I would like to know this also have the same thing.


----------



## canyonbc (Jan 8, 2010)

I do not have the book in front of me

But the book

Foundations and Concrete Work - put out by Taunton Press 
Revised Edition 

There is a whole chapter about sealing up a crawl space. 

The best I can remember they used a tapcon type screw and screwed it into the sill wall. 

I am sure you can find or by the article at Finehomebuilding.com

They are the affilate of the book

I think the chapter name was "Sealing a Crawl Space"

It was detailed and would recommend reading it. I will read it again when I get home this evening and post on it.


----------



## cellophane (Sep 29, 2009)

http://www.finehomebuilding.com/how...amp-crawlspaces.aspx?nterms=61942&ac=ts&ra=fp

there's the article but it requires a paid membership 

I'll keep digging around to see if I can find some more info. Thanks for the info on the site though - it looks like a good one!

edit: http://www.crawl-space.com/PDF/FH_sealingcrawlspace.pdf and there's the article! gogo google!  (if for some reason linking that is against ToS I'll happily remove it!)


----------



## RoyalAcresRod (May 27, 2009)

I've done mine, and here are my suggestions: Forget the 6 mil poly from the home center, and buy a real Vapor Barrior.

I purchased Stego Wrap (online from Hvacquick.com) (I have no interest in either the manufacturer or vendor), after much research.

It's available in 15 or 20 mil...I used the 15. It's thick enough and strong enough to stay in place on its own. I used the Stego Tape to seal overlaps.

This stuff is not a vapor retarder...it's a barrior. Moisture cannot get through. I cannot speak highly enough of this material.

No matter what you use, you only want to do this job once. It's a pain...so do it right the first time, IMO

Rod


----------



## pyper (Jul 1, 2009)

I know a guy who paid good money to get a real opinion. I got to listen in for free. 

The certified professional said to use "just plastic." Overlap it a foot or so. No need to tape. Let it lap up the sides of any posts or what have you.

The idea is to stop 99.999% of the moisture, not 100%. 

And where we live there's a ton of moisture. Probably more than almost anywhere else in the 49 states not counting the island.

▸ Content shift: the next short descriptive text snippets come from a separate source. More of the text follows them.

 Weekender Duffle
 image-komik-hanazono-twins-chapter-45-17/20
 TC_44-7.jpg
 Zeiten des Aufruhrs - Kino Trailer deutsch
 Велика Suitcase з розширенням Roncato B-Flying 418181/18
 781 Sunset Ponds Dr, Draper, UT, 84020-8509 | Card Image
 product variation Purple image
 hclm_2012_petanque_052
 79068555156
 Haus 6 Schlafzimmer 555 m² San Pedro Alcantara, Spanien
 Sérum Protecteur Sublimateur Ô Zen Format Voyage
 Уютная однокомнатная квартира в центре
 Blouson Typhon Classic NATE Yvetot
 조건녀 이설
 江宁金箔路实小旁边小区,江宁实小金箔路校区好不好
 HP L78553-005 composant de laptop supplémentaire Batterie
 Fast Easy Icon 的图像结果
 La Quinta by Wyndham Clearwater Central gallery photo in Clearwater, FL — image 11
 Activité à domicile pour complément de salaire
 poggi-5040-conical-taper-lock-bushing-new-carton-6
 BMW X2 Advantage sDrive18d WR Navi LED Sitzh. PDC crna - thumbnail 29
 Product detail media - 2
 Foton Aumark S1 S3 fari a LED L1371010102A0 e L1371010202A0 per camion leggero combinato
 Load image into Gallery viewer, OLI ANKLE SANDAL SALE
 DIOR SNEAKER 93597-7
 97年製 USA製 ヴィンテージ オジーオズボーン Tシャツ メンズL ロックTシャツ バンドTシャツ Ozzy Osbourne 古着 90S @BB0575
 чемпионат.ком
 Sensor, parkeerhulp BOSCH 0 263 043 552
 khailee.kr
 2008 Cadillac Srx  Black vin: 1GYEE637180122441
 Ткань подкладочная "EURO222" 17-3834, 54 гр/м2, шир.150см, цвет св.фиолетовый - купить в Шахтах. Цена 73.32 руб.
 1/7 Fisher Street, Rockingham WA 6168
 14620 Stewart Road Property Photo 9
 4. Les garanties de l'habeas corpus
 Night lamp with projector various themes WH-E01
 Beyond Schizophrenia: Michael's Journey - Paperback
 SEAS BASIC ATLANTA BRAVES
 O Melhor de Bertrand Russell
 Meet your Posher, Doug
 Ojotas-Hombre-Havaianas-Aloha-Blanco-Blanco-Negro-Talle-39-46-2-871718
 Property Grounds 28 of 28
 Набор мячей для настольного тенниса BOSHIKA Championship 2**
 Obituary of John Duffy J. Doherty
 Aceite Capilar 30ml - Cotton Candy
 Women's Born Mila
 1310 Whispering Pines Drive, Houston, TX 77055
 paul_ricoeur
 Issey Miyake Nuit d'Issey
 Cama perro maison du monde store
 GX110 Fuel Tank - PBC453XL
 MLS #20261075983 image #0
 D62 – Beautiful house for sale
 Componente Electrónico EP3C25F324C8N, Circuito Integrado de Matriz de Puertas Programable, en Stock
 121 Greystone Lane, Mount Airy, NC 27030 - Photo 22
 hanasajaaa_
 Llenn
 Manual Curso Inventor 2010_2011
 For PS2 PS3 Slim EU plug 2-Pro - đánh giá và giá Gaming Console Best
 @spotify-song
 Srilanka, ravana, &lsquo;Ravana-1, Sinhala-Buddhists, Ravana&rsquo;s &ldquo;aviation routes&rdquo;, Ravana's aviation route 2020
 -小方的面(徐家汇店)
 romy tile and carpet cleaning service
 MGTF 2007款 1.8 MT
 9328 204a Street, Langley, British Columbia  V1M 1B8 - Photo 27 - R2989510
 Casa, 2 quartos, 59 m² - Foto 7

I'm getting ready to do this very job myself. I got a roll of plastic that's 8x400, because I've got posts on roughly 8' centers, so I can just pull the plastic up between the posts and cut it off. Then move to the next section.


----------



## Energyrater (Dec 11, 2009)

You absolutely do want to seal the overlap and seal the seams and affix the sheeting to the crawl space walls. There are many ways to do that. I've seen everything from construction adhesive to the 2xlumber fastened to the walls. The construction adhesive will work, but will fail if it is subjected to repeated pulling. If you are not using that crawl space for anything and are not getting into it frequently, then the adhesive can work. The whole purpose of a vapor barrier is to stop vapor which rises or diffuses from the high concentration, (the soil or gravel under it), to the lower concentration, the ambient air in the crawl space. If you don't implement this source control of water vapor it can condensate in the flooring or floor insulation (if the crawl is unconditioned) and ruin it. It can also be absorbed into the floor covering (wood, carpet pad, carpet, etc) and damage or distort it. This water vapor can also be the culprit or at least a contributing factor to condensation on the warm side of the windows in the winter.


----------



## jlhaslip (Dec 31, 2009)

I suggest using Acoustical Sealant as a caulk against the wall, cover it with the poly, then a batten ( 1x4 or 2x4) over it (nailed/screwed in).
The Acoustical Sealant will 'seal' the poly very well. It is messy. Be careful using it.
And yes, tape the joints/seams in the poly as well as any post openings where you need to have the poly around.
Also, consider placing sand over top of the poly to hold it in place. not gravel. screened sand.


----------



## Gary in WA (Mar 11, 2009)

"so it doesn't just all end up sliding down to the low end of the space." ------ dig some level spots, filling sand bags to put there after the plastic is spread, leaving enough looseness to move somewhat. 4 mill plastic is a vapor barrier, as is 6 mill, just one will rip or tear easily. If in a termite area, recommend not running it up the wall more than 12", or can't see their tunnels. If any mold, the solution is: http://www.buildingscience.com/documents/insights/bsi-009-new-light-in-crawlspaces/

Be safe, Gary


----------



## willowgirl (Dec 26, 2009)

pyper said:


> I know a guy who paid good money to get a real opinion. I got to listen in for free.
> 
> The certified professional said to use "just plastic." Overlap it a foot or so. No need to tape. Let it lap up the sides of any posts or what have you.
> 
> ...


This is just my opinion, and I'm no expert. But When you want to seal to keep out moister or whatever it sounds silly to me that you wouldn't actually seal it, just overlap it. Again I could be wrong, but him saying just use plastic doesn't sound right. 
Different types of plastic I would think would break down faster over time and would stand up differently when being moved around. ( Because the fella said that he would need access from time to time. ) So I think the min. would be the 6" .
Not sealing the joints would be like, when you put your left overs in the fridge laying the plastic over it but not wrapping it under the plate, or around the cover of the bowl I would think. The food inside stays fresh longer if you wrap it. 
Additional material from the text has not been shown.